Golf heads to Big East Championship in search of first title
After five months of traveling all over the country and maintaining focus throughout the season, the DePaul golf team prepares itself for the Big East Championship. The tournament starts April 25-27, and will run on all three days, with each day consisting of one round of 18 holes.
The team opened the season at the Valparaiso University Fall Invitational on Sept. 20, where they finished 8th out of 12. Since then, the Blue Demons usually finished around 11th place.
Their highest placement of the season was in October at the Tom Tontimonia Invitational, where the Blue Demons finished 4th out of 13. At the tournament, junior Noah Kolar had a career-best of 67.
The Blue Demons concluded their intercollegiate schedule with the Missouri University Tiger Invitational on April 11-12. Kolar, a top performer on the team, finished in 36th place and helped DePaul place 16th overall.
“Each week is a different challenge,” head coach Marty Schiene said. “It is a different course, different conditions; you are playing the course. I emphasize to score you need to drive it, wedge it and need to putt it; those are the skills we work on. It is such an intricate game it does not get old or boring.”
The Big East Tournament is being held for the first time in Pine Mountain, Georgia’s Callaway Gardens Golf Course.
The Blues Demons were fortunate to have a professional caddy and former PGA Tour Champion David Toms speak to the team about what to look for and how the course in Georgia can be played successfully. Toms, in his years of playing, has won twice at Callaway Gardens course.
“We did the Zoom call with the professional caddy,” junior Conor Glennon said. “We did sort of a classroom session, where we go over the course and analyze what clubs to use, because everyone is playing individually, so we try and go through how each person would be most successful on that course.”
The game of golf requires a great deal of patience, and when a season stretches from September to April, like the Blue Demons schedule does, finding time to unwind and clear the head is essential.
The team has never had the luxury of calling a golf course their home. Each intercollegiate scheduled invite is a neutral site, which makes traveling to every tournament a chance for the team to bond.
“[Nik Gatmaytan] is a very good cook, and he makes insanely good food,” sophomore David Griggs said. “So, we do team dinners a lot, or sometimes we will do a movie that all of us can enjoy. I mean, we all love to play golf, so we also do that in our free time we will practice together and play games, that is where we have the most fun.”
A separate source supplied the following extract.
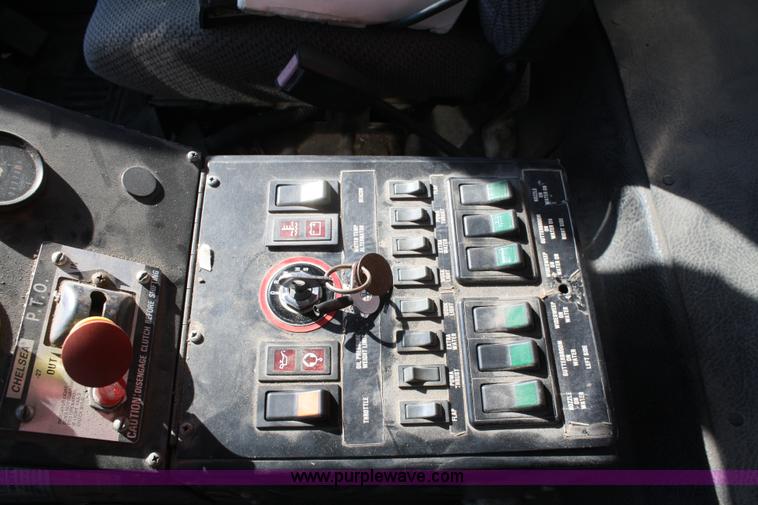 image for item A6963 1992 GMC W7000 street sweeper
The Big East Tournament requires that six players from the team qualify to participate and represent each school at Georgia. The Blue Demons constructed a four-round qualifier to determine which individual would qualify for the Big East Tournament.
Three individuals remained exempt and had already qualified due to their consistent performances throughout the season. Players like junior Artemiy Valvenko and freshman Alex Vekich have given stability for the Blue Demons all season and will highlight the group of six in hopes of bringing home some hardware.
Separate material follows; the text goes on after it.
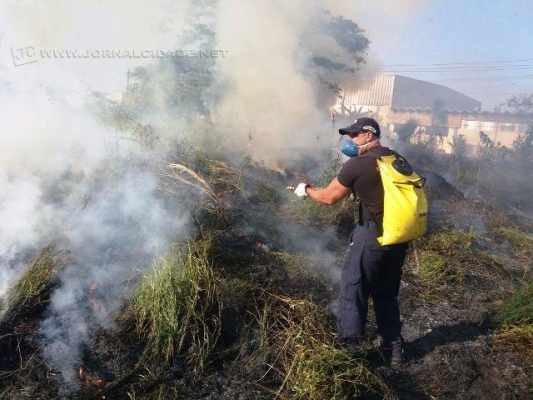 Defesa Civil de Rio Claro atuou para controlar o fogo no Distrito Industrial e no Benjamin de Castro
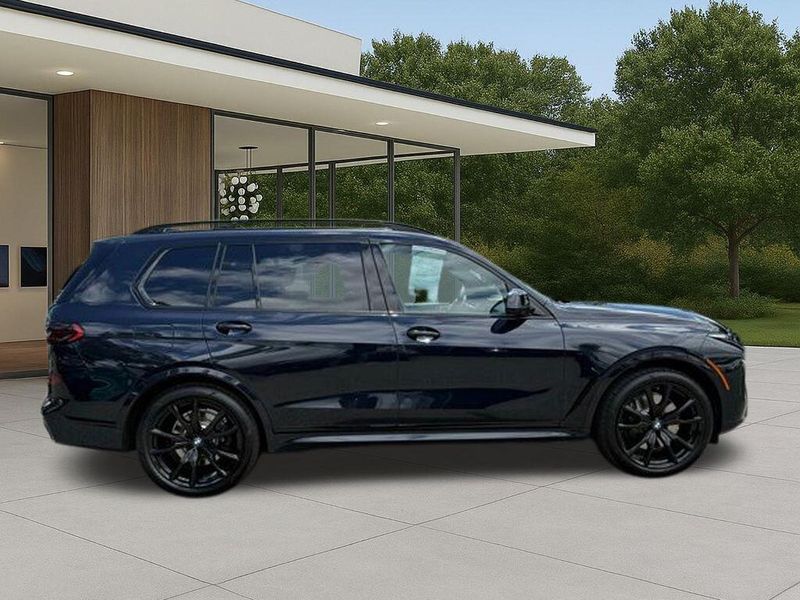 Used 2024 BMW X7 xDrive40iImage 7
“We played through all those nasty days,” Schiene said. “Monday it snowed, we played Chicago Highlands, Sunday Ivanhoe [was] very cold, Saturday we played Bryn Mawr and Alex Vekrich shot 64 with a hole-in-one, so that’s kind of exciting as a coach to see someone go that low.”
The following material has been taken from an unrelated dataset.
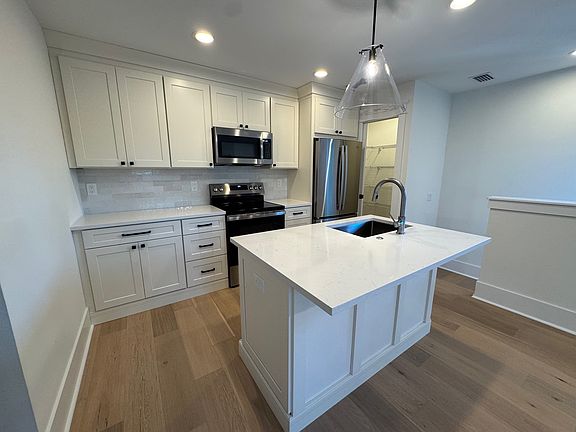3rd image of 215 23rd Ave SE #1/2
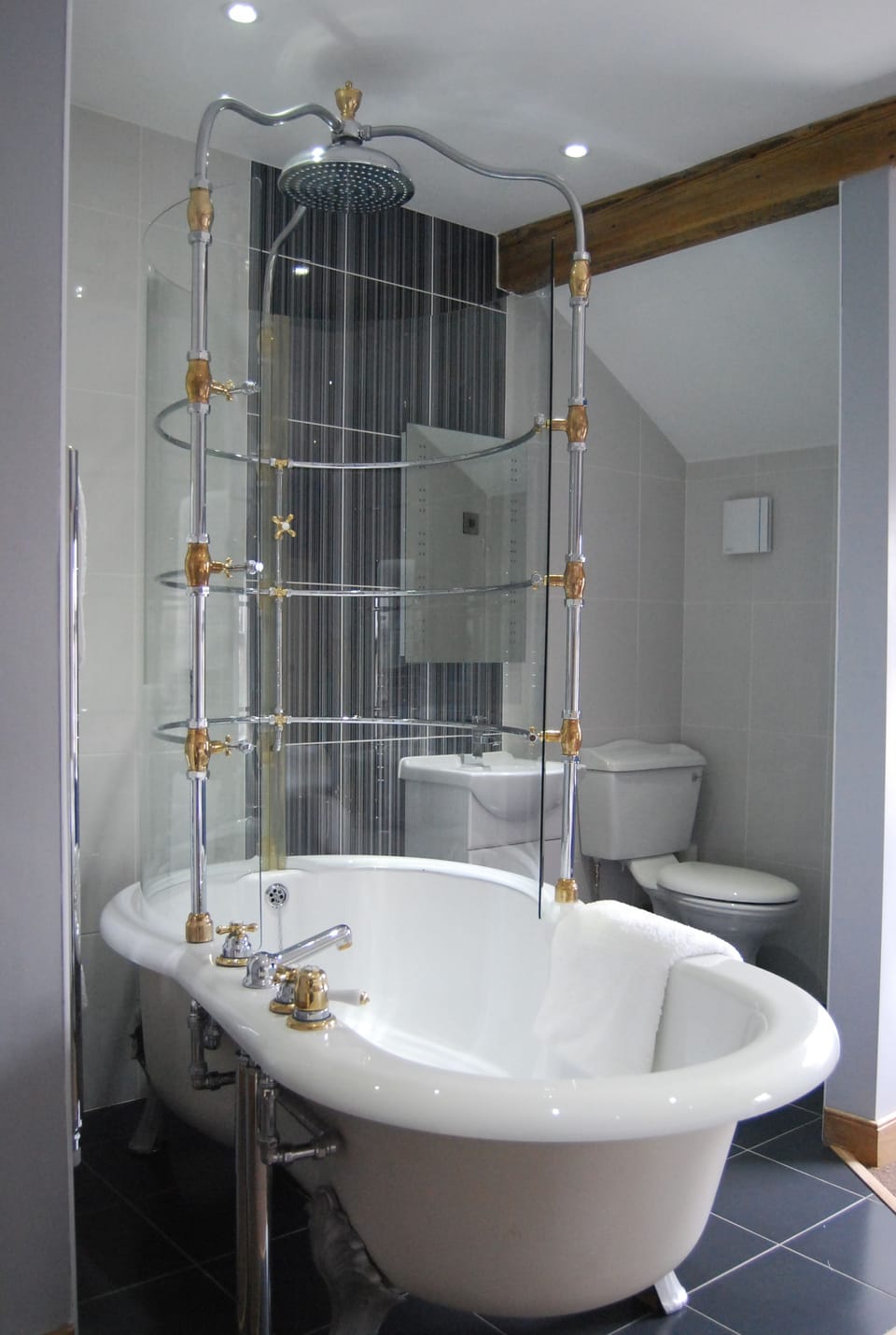 Combined shower/tub, towels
This year’s Blue Demon squad has leadership from all nine of its players. Throughout the season, they have had freshman to fifth-year seniors play large roles in and contribute to winning performances all season.
The collegiate scoring format in golf takes the top four individual scores out of five who have played the course in that round of 18 holes and adds them together at the end.
This allows for placement to be ordered by team total performances and individual performances—that way, the team will get rewarded for both performances.
“We have sort of been tailoring our practices for the Big East, trying to prepare for the course and practicing sure shot we feel will be required or potential used on the course,” Glennon said. “Being confident in what you practice, you’re practicing for a reason and the preparation is sort of in the practice.”